Because it’s 100 per cent Apache Hadoop, HDInsight can process unstructured or semi-structured data from web clickstreams, social media, server logs, devices and sensors and more. This lets you analyse new sets of data and uncover new business possibilities that drive your organisation forwards.
With HDInsight, deploy Hadoop in the cloud without buying new hardware or incurring other up-front costs. There’s also no time-consuming installation or setup. Azure does it for you. Launch your first cluster in minutes.
Because it’s integrated with Excel, HDInsight lets you visualise and analyse your Hadoop data in compelling new ways, using a tool that’s familiar to your business users. From Excel, users can select HDInsight as a data source.

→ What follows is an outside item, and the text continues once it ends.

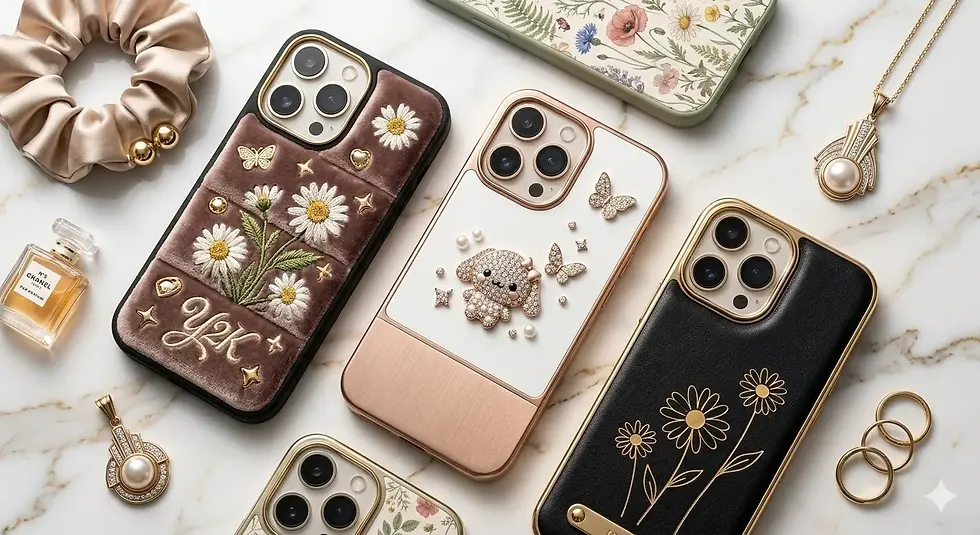 Floral phone case with botanical flower artwork and cottagecore aesthetic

HDInsight is also integrated with Hortonworks Data Platform, letting you move Hadoop data from an on-site data centre to the Azure cloud for backup, Dev/Test and cloud-bursting scenarios. Using the Microsoft Analytics Platform System, you can even query your on-premises and cloud-based Hadoop clusters at the same time.

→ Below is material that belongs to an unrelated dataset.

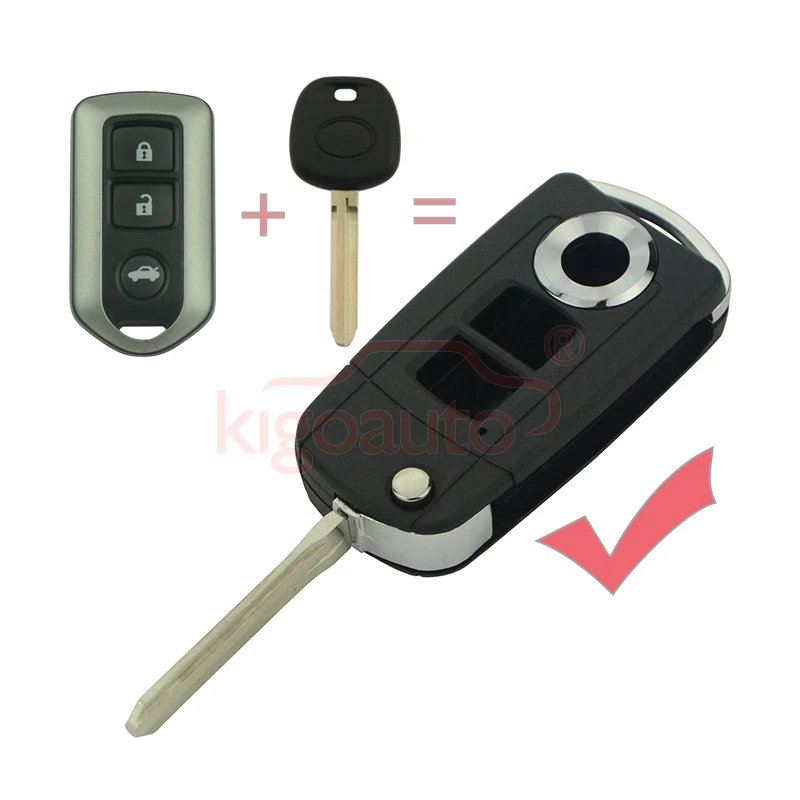 

kigoauto refit Flip Remote Key Shell 3 Button For Toyota Highlander TOY43 Uncut Blade modified Fob Case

The Apache Hadoop ecosystem is a portfolio of fast-moving open-source projects that are evolving quickly. HDInsight gives you the flexibility to deploy arbitrary Hadoop projects through custom scripts. This includes popular projects such as Spark, R, Giraph and Solr.

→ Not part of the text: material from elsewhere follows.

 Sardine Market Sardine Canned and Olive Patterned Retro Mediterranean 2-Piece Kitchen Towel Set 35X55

HDInsight also includes Apache HBase, a columnar NoSQL database that runs on top of the Hadoop Distributed File System (HDFS). This lets you do large transactional processing (OLTP) of non-relational data, enabling use cases such as interactive websites or having sensor data write to Azure Blob Storage.
HDInsight includes Apache Storm, an open-source stream analytics platform that can process real-time events at large scale. This lets you process millions of events as they’re generated, enabling use cases such as Internet of Things (IoT) and gaining insights from your connected devices or web-triggered events. We make deploying and implementing Storm easier. Learn more about Storm
HDInsight includes Apache Spark, an open-source project in the Apache ecosystem that can run large-scale data analytics applications in-memory. Spark delivers queries up to 100 times faster than traditional big data queries. It provides a common execution model for tasks such as ETL, batch queries, interactive queries, real-time streaming, machine learning and graph processing on data stored in Azure Storage. Learn more about Spark
Select Linux or Windows clusters when deploying big data workloads into Azure. With Windows, use existing Windows-based code, including .NET, to scale over all your data in Azure. With Linux, you can more easily move existing Hadoop workloads into the cloud and incorporate additional big data components that can run in the service. By offering both Windows and Linux clusters, Microsoft gives you the flexibility to use the operating system of your choice, gaining insights from the massive amounts of data being created in the cloud.